#### DATA TO USE

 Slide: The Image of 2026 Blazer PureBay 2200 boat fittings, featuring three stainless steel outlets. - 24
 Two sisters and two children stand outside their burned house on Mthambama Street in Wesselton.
* * *
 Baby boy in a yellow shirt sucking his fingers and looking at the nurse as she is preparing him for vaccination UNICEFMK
...
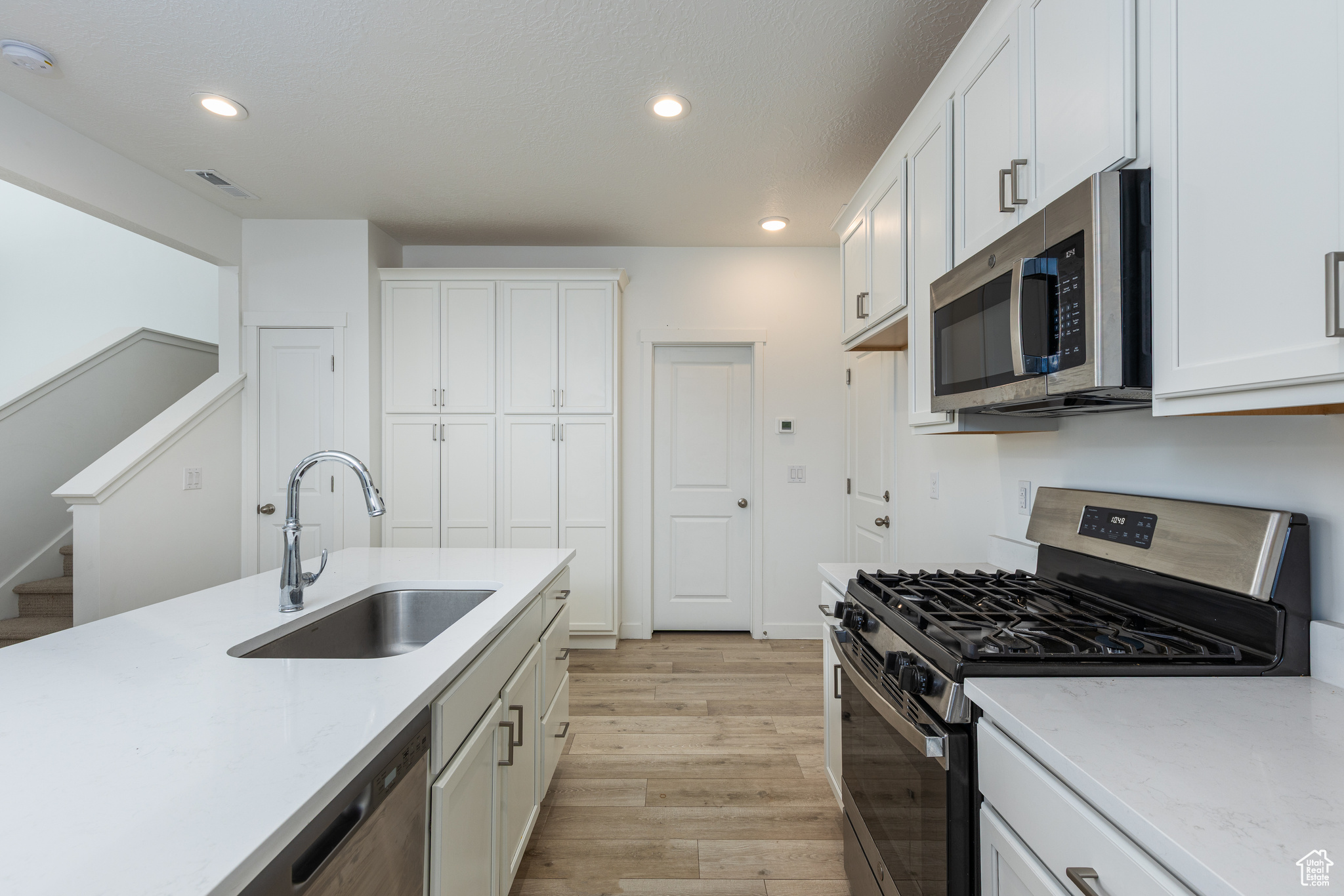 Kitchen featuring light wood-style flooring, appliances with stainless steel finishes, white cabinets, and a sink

#### WHAT NEEDS TO BE DONE
There is a run of lines above from the one with "Slide: The Image" to the one with "Two sisters and"; print exactly that run, both ends included, and nothing else.

#### COMPLETED EXERCISE
 Slide: The Image of 2026 Blazer PureBay 2200 boat fittings, featuring three stainless steel outlets. - 24
 Two sisters and two children stand outside their burned house on Mthambama Street in Wesselton.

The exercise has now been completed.